Parker's election inadvertently revealed the dirty little secret that native (and liberal) Texans like myself have known and been trying to publicize for a long time, which is that Texas is far from a conservative monolith. On the contrary; not only do all the major cities in Texas vote consistently for Democrats, but some rural areas on the Texas-Mexican border have been marginal to consistently "blue" for some time now.

This lines up with the larger national trends in America. Republicans only win elections by controlling white-dominated rural and suburban areas, and almost all other parts of the country lean towards the Democrats. And thus Republican power is being chipped away at slowly through pure demographics, as the nation as a whole grows more racially diverse and more urban. In many ways, Texas is ahead of the trend, since the state has not had a white majority since 2005.
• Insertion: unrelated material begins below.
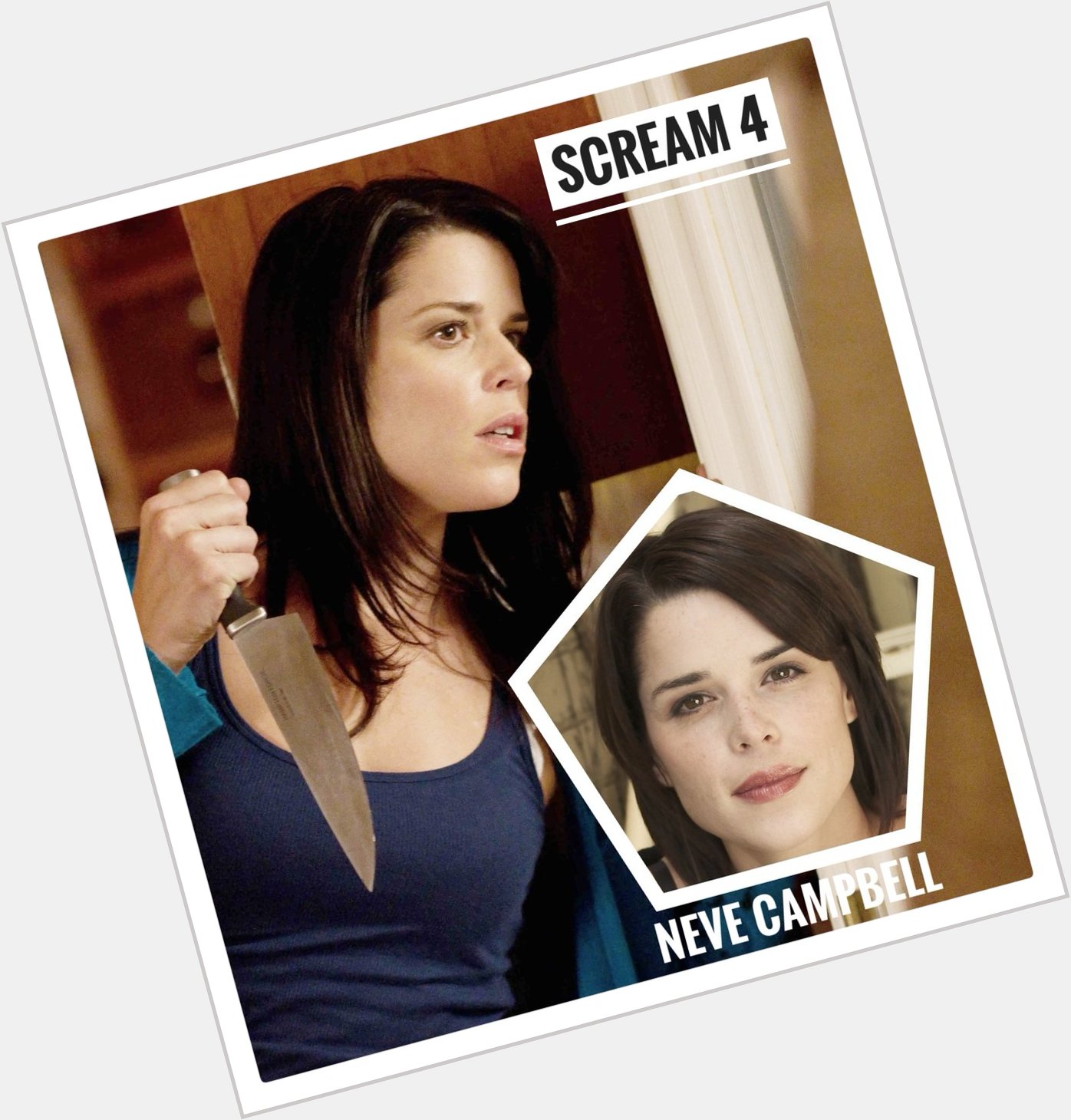 Neve Campbell was born on this day happy birthday 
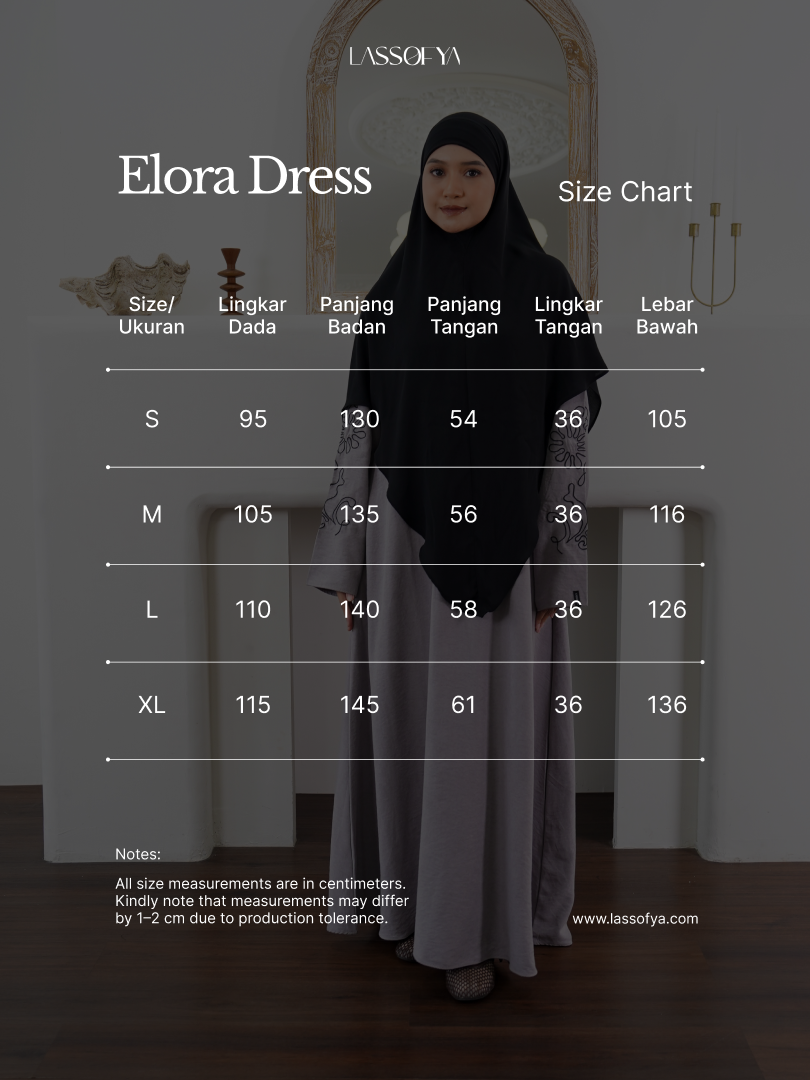 [NEW] Elora Dress - Misty Grey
Despite the cold, hard facts, however, Texas is still seen as the old conservative stereotype. In fact, the mainstream media went to some lengths to downplay the significance of Annise Parker's election. The initial AP story covering the victory dedicated a lot of ink to the low voter turnout, without noting that this is typical in an off-season run-off election. It failed to mention that both candidates in the run-off -- Annise Parker and Gene Locke -- are Democrats, or that Locke also brings liberal bona fides to the table as a former civil rights activist. Anyone reading Andrew Malcolm's account of the election in the LA Times, in which he calls Parker "conservative" and refuses to mention that the actual conservative candidate, the Republican, got knocked out of the running in the first election, would not get a true picture of Houston politics. So wed are many mainstream media writers to the "Texas is a conservative monolith" narrative that Democrats are being turned into Republicans in order to make the story work.